Three Social Skills You Can Learn From Poker
The traditional stereotype of the poker player as the hard-living night hawk has long since gone into the discard pile of history. Poker has undergone two separate revolutions in the last few decades, both of which feed into each other.
The first was the advent of online poker. You no longer need to find a casino or card room or take a whole evening out for a Friday night game with friends. Players can enjoy the game from the comfort of their own homes – and with the more recent advances in mobile technology, from wherever they can get an internet hookup.
The second was the broadcasting of poker tourneys; both prestigious events such as ESPN and CBS’ World Series Of Poker coverage and purpose-created studio events like NBC’s Poker After Dark. Viewers saw up close that top professionals like Phil Ivey and Jennifer Harman were, to all intents and purposes, normal human beings just like them.
The exposure to poker also helped cement in the minds of the general public that poker is a game of skill rather than simple luck, through the same names – Ivey, Harman, Phil Hellmuth, Daniel Negreanu – being at the final tables with high frequency. Rather than relying on bombastic calls or predatory card sharking tactics, these folks have numerous mental skills learned in poker, which can be applied to wider life. That’s not bluffing, lying or fakery, but positive attributes you can use in a beneficial way.
Let’s take a look at a winning triplet.
While the online game is principally an exercise in math, as hands come at the rate of 75-100 per hour, the live game is around one-third the speed. There’s a lot of dead air at a poker table where the space will be filled with small talk and occasionally emotional displays. Getting a read on an opponent – trying to find their ‘tell’ – is essential to success in poker. Of course, at the very top level, those are few and far between, so getting a feel for what drives someone based on minimal information can be the difference between winning and losing. If we take the principle and apply it to the workplace, say, then it can offer insight into how to relate to and motivate our colleagues.

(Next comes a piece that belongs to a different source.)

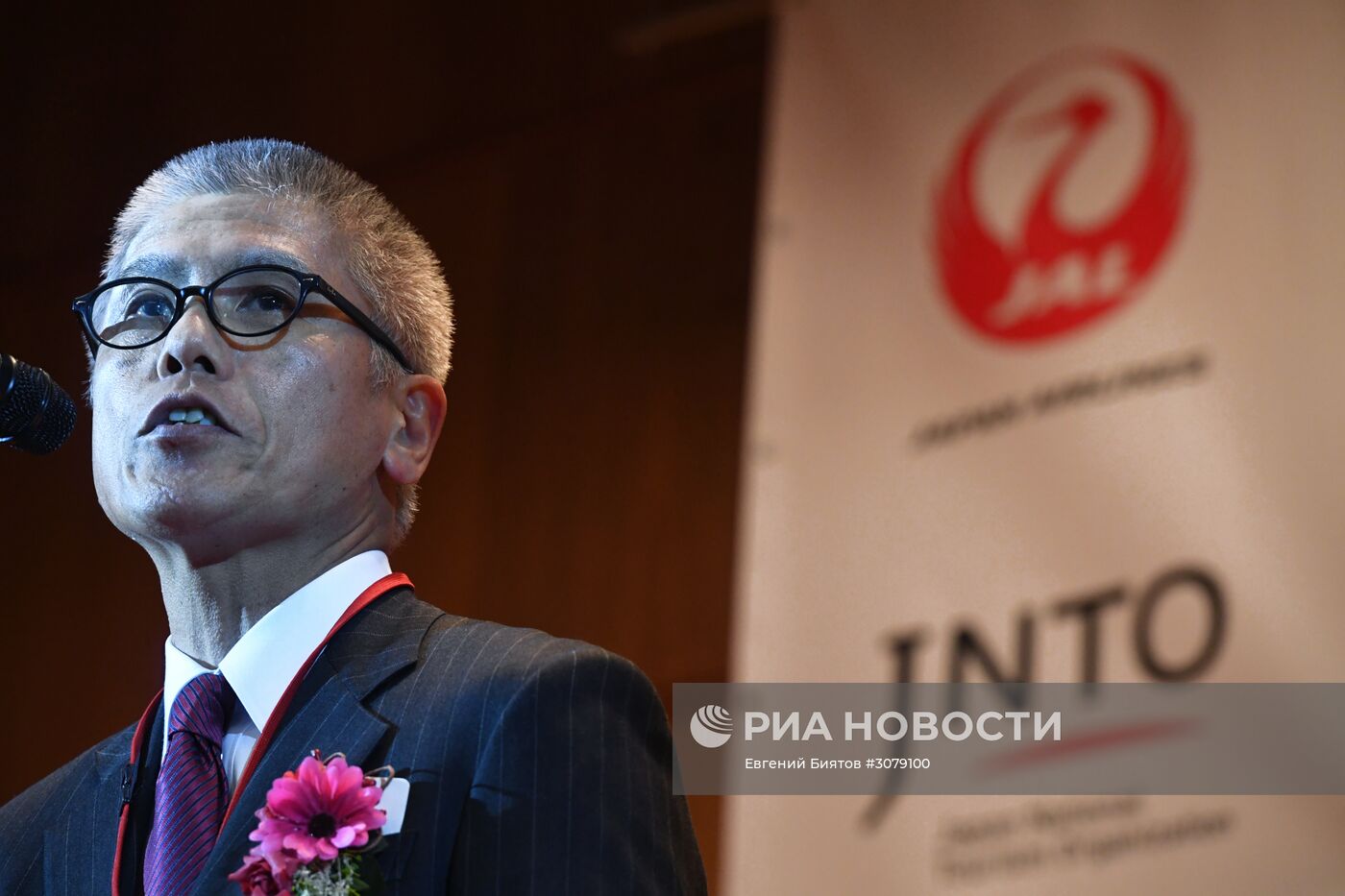Празднование 50-летия установления воздушного сообщения Москва - Токио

Poker, primarily, is an exercise in probabilities. If someone has lucky numbers of two and nine, based on a birthday or anniversary, say, they’re not likely to get very far if they continually play those cards, as there are not many winning hands to be made from them. On the flip side, there are always going to be bad beats in poker – where a seemingly strong hand of an ace-high straight is beaten by three fours. A modicum of resilience needs to be developed. Sometimes you have to accept it’s just not your day and move on to the next one. However, that doesn’t mean we shouldn’t try to take lessons from the events in an effort to stop ourselves from falling into the same trap twice. Learning from missteps – trial and error, even – is a key to developing problem-solving abilities to help the mind both on the table and in life in general.
If we take the principle of relationship management and apply it to the self, then we can gain some knowledge about our own level of self-awareness. While poker players are competitive, you’ll rarely see them being aloof. Yes, competition is ongoing; however, if we don’t have a good rapport with our fellow players, then the odds of us being invited to the next game may be a busted flush. It’s imperative that poker players see each other as real people and as equals.
The most famous story in the modern game is that of Chris Moneymaker. The accountant from Tennessee won his place at the 2003 World Series of Poker Finals through an online qualifier. A sense of perceived superiority may have upended some of the professionals he took out on his way to the $2.5m grand prize. By the same token, going into a poker game feeling daunted – impostor syndrome, in the worst-case scenario – won’t lead to anything good. If one has little faith in one’s own skills, one won’t be able to relate to others in a realistic framing.
Poker has often been described as life in a microcosm. While it can be a fairly intense affair, that can offer valuable insights into where your social skills are and windows into their improvement.